*** Begin section ***

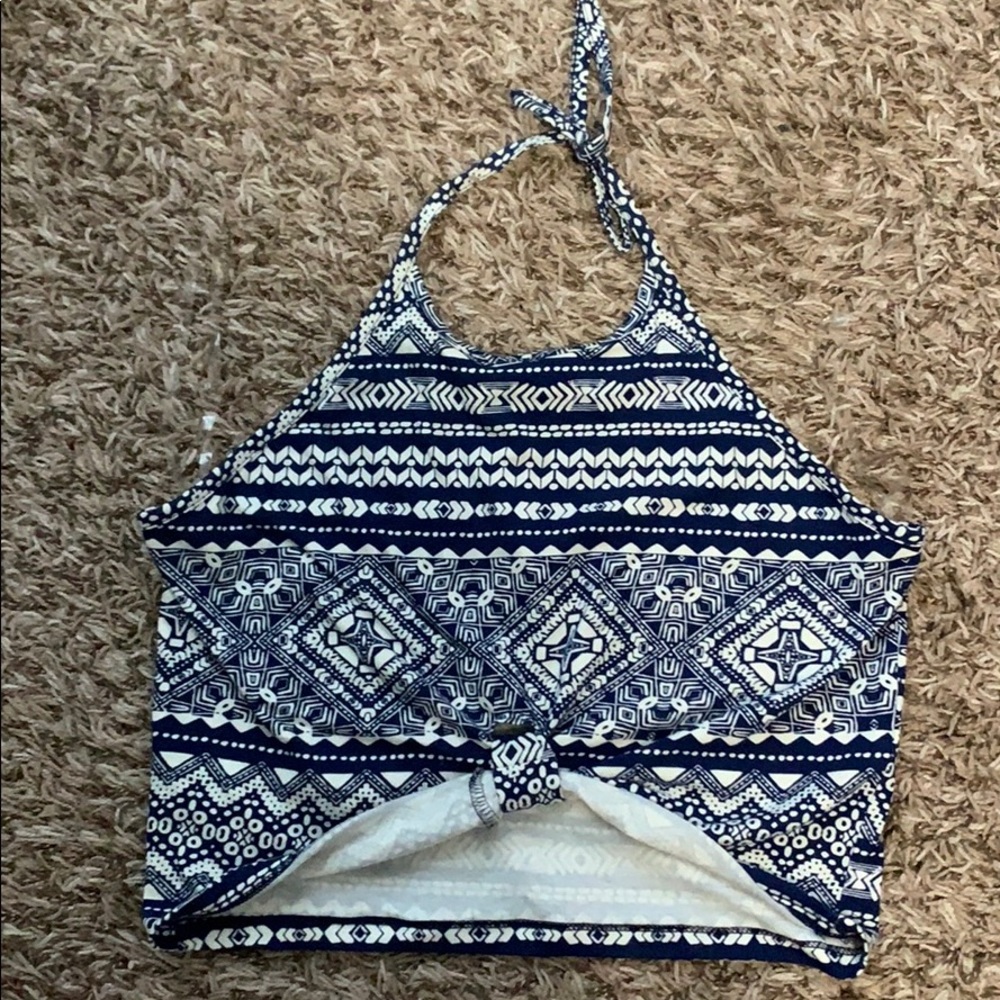 blue and white crop top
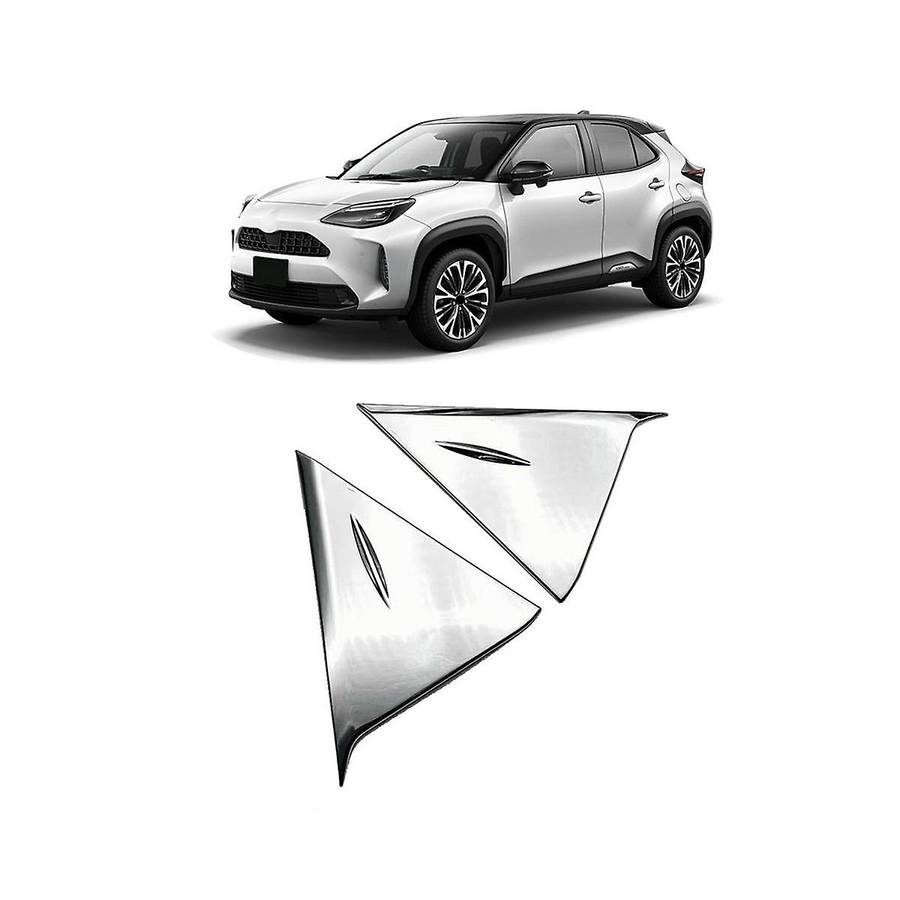 for Yaris 2020 2021 Rear Window Spoiler Cover Side Triangle Pillar Posts Molding Garnish Bezel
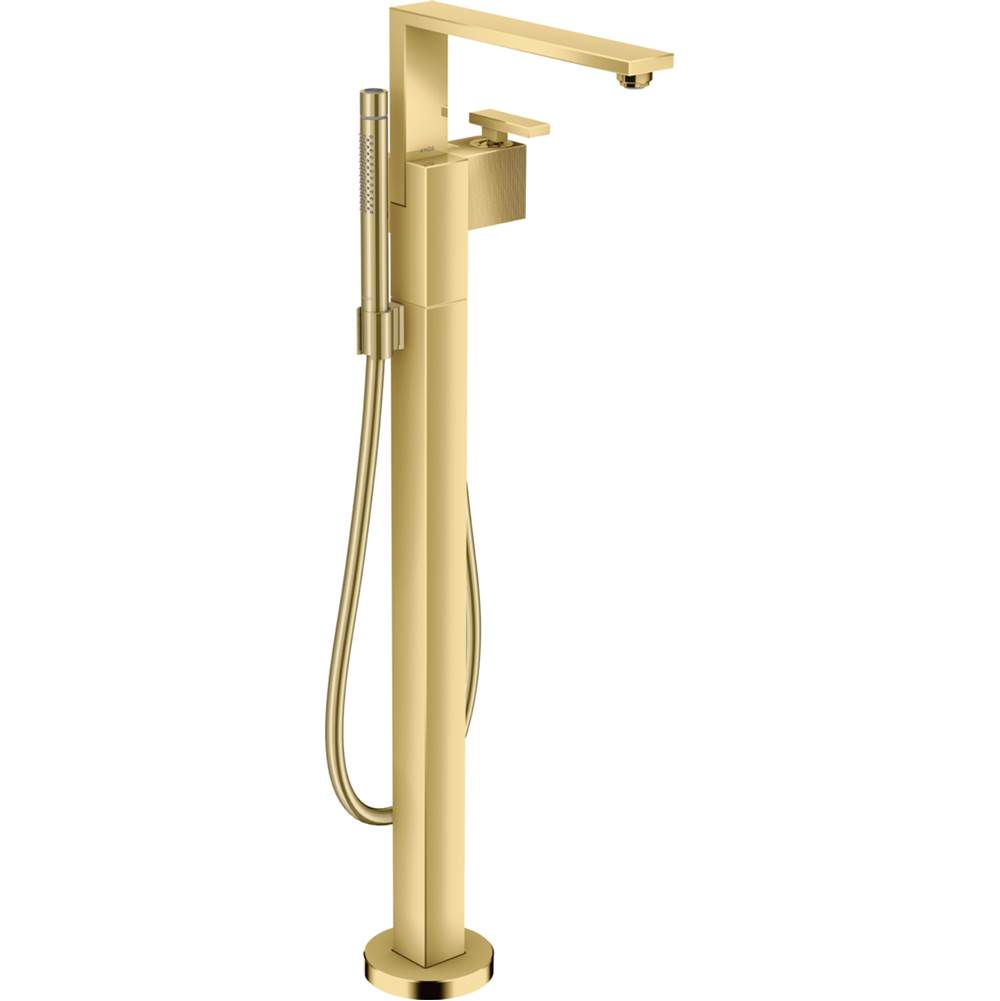 Axor - AXOR Edge Freestanding Tub Filler Trim with 1.75 GPM Handshower - Diamond Cut in Polished Gold Optic - Polished Gold Optic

*** End section ***

**Assignment**:
What's needed is every line above, retyped exactly and free of pictures.

**Solution for this task**:
 blue and white crop top
 for Yaris 2020 2021 Rear Window Spoiler Cover Side Triangle Pillar Posts Molding Garnish Bezel
 Axor - AXOR Edge Freestanding Tub Filler Trim with 1.75 GPM Handshower - Diamond Cut in Polished Gold Optic - Polished Gold Optic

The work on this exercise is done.